Dataset extract Start Marker
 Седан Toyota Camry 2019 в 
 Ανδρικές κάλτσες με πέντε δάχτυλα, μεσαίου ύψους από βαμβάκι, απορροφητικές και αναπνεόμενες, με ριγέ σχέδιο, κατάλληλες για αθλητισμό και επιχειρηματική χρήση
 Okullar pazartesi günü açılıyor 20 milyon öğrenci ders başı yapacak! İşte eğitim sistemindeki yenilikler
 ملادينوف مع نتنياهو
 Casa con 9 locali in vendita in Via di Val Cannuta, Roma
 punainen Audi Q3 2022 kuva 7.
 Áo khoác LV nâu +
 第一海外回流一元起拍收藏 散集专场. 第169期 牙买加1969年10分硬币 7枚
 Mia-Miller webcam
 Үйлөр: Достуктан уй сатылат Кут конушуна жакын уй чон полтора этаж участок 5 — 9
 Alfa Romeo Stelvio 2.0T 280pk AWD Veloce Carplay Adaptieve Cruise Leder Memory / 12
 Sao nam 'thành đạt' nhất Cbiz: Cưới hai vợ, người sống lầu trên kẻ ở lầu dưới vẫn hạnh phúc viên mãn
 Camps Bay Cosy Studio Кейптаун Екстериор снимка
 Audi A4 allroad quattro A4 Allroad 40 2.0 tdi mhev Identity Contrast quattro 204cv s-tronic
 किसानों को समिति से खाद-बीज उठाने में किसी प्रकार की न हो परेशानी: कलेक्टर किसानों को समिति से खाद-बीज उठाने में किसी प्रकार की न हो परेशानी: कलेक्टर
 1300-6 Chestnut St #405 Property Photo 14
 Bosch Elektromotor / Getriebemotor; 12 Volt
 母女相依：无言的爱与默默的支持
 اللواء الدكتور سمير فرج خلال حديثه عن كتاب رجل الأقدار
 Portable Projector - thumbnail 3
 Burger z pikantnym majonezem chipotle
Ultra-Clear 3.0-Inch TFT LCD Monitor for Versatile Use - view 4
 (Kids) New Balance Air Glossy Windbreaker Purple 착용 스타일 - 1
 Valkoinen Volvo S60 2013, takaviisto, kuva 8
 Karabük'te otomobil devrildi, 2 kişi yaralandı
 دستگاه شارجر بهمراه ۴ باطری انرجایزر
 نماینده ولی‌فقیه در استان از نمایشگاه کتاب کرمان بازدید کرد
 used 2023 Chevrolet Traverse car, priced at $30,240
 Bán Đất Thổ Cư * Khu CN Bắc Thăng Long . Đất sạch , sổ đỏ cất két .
Dataset extract End Marker
| Assignment |
Given the data above, which lines hold the string "kuva"? Return them.

| Solution to the problem |
 punainen Audi Q3 2022 kuva 7.
 Valkoinen Volvo S60 2013, takaviisto, kuva 8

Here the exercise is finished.